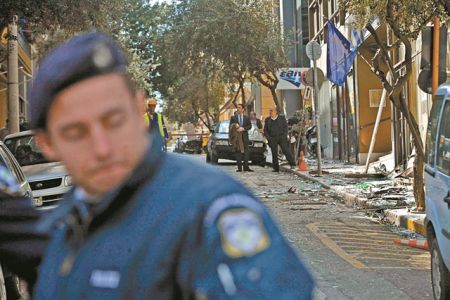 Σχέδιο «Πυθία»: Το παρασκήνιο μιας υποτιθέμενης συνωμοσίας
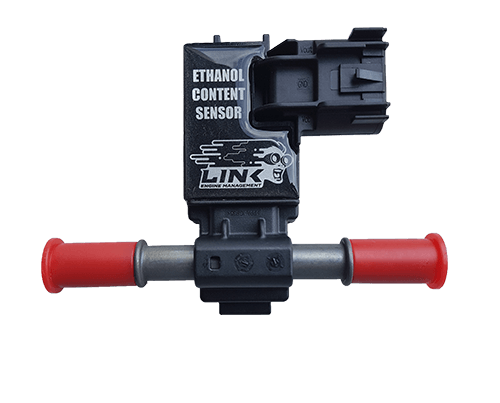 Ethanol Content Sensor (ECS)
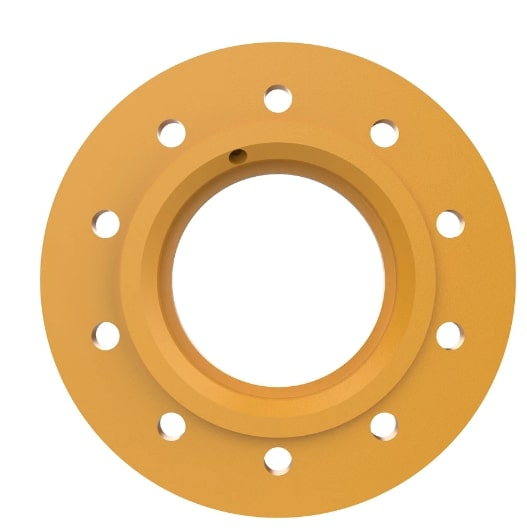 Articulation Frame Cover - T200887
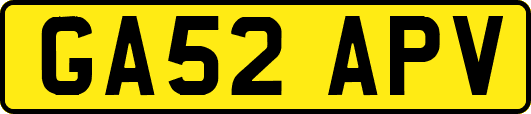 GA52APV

====

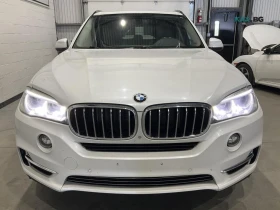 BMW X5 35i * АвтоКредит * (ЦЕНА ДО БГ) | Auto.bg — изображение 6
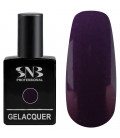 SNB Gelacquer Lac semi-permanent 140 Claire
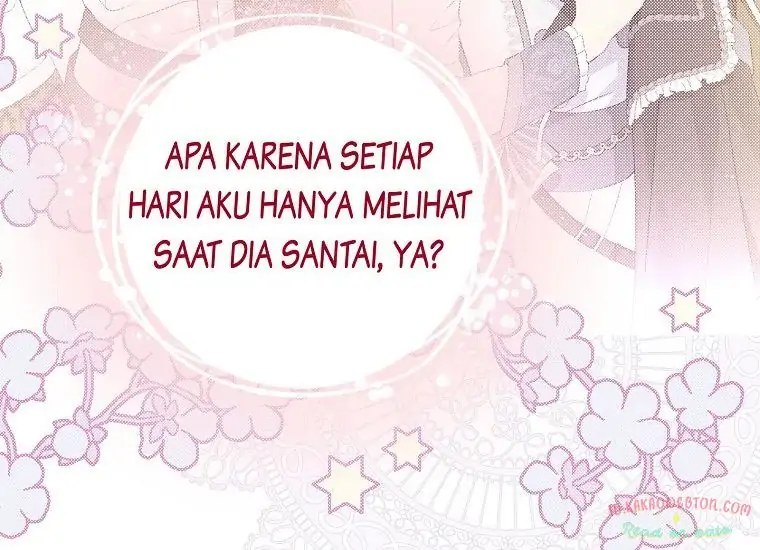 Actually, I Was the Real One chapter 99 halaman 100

====

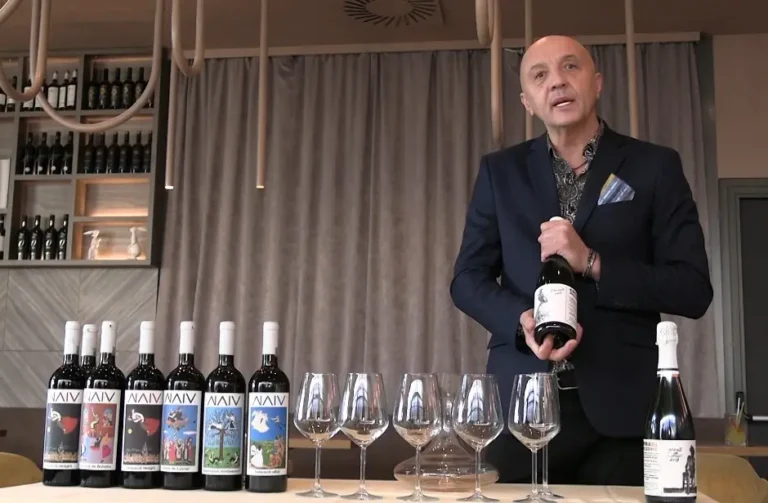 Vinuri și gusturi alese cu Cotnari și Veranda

====

Work instructions | Your output should be the lines above from the one that contains "BMW X5 35i *" through the one that contains "Actually, I Was", word for word, with pictures left out.

Exercise output |
 BMW X5 35i * АвтоКредит * (ЦЕНА ДО БГ) | Auto.bg — изображение 6
 SNB Gelacquer Lac semi-permanent 140 Claire
 Actually, I Was the Real One chapter 99 halaman 100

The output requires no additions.